Tuesday, August 12, 2008

Out of Memory

Today my uncle died. He was 74 years old, so it's not that shocking. The perhaps more shocking aspect is that I really don't care. Honestly. He was my father's brother, and we never see my father's family, except weddings, funerals, and bar mitzvahs. I could probably count on my fingers the times I've met Uncle Warren. At least the ones I remember, the ones after babyhood.

My father, on the other hand, cares. His usual way of showing this is to speak openly and honestly about why Warren's death matters to him, without ever giving an impression of emotional impact. Being in touch with feelings is a good thing, but not too closely. That could get dangerous. Bah.

I absolutely do not want to go to the funeral. Not at all. I care very little about anyone who will be there, except for my parents and possibly my sister (possibly she will be there, not possibly I care). But will I go? Maybe Dad will be upset if I obviously don't care, but not too upset if I argue logistics? I have yet to decide how to handle this.

I also feel slightly guilty for not caring. I cry about strangers I read about in the newspaper (rarely, but it happens), but have not the slightest urge to cry for my newly dead uncle.
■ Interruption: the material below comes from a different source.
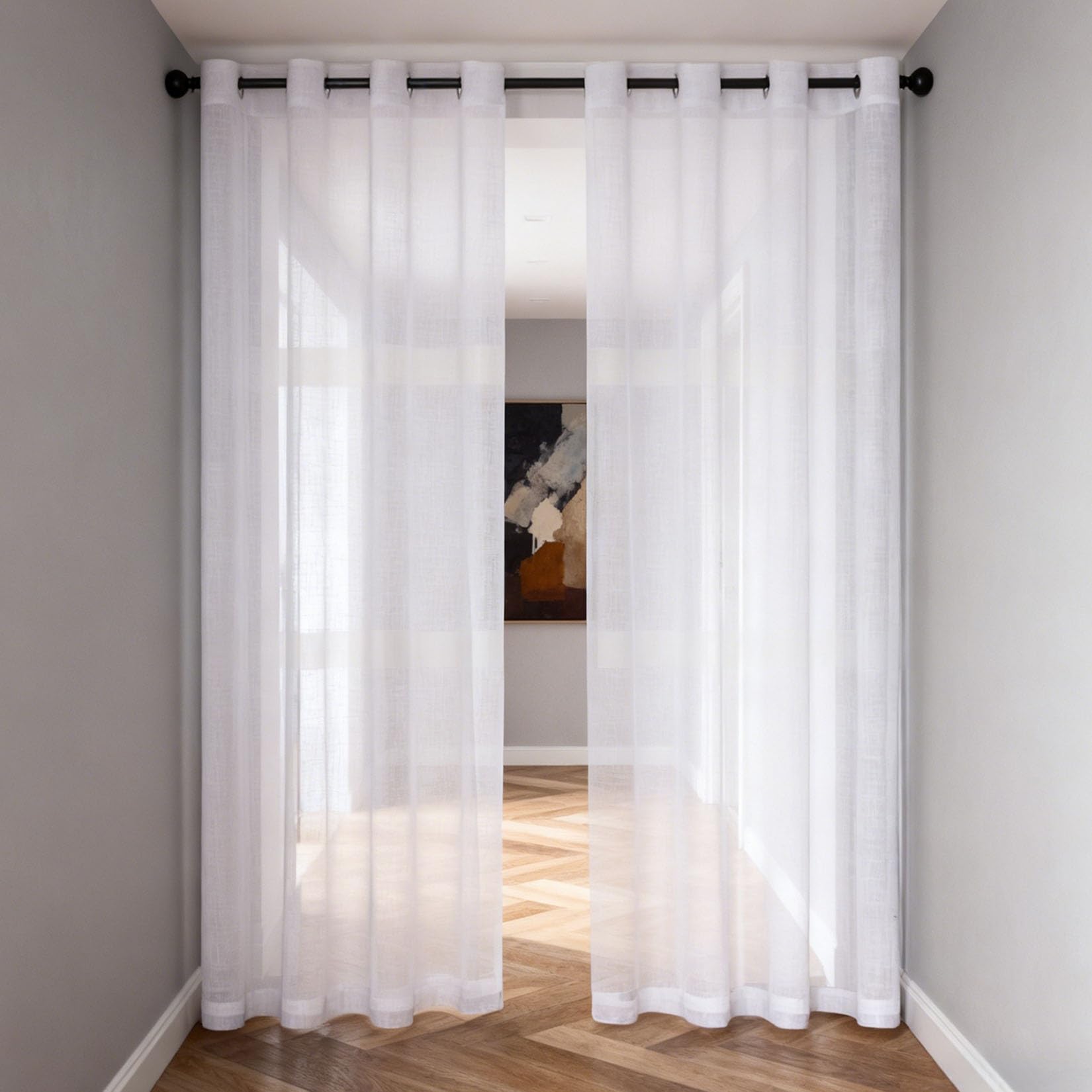 Moderne Gordijnen 190 x 165 cm Doorschijnende, Lichte Zachte, Luchtig, Elegante, met Plooiband, Stijlvol Geschikt Kant en Klaar Gordijnen Voor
Oh well. RIP Warren Baltimore, 1934-2008. I'm sure you were worth getting to know better than I did. I'm sorry you and Dad never understood each other enough to make any lasting relationship work. I wish y'all had either gotten over your estrangement or given me some sort of explanation behind it. Sorry I never made it out to Nantucket to visit you. Not sorry I never made it out to Ohio to visit you when you were there. Hope the democratic party there can make it without you. I certainly can, and for that I am also sorry.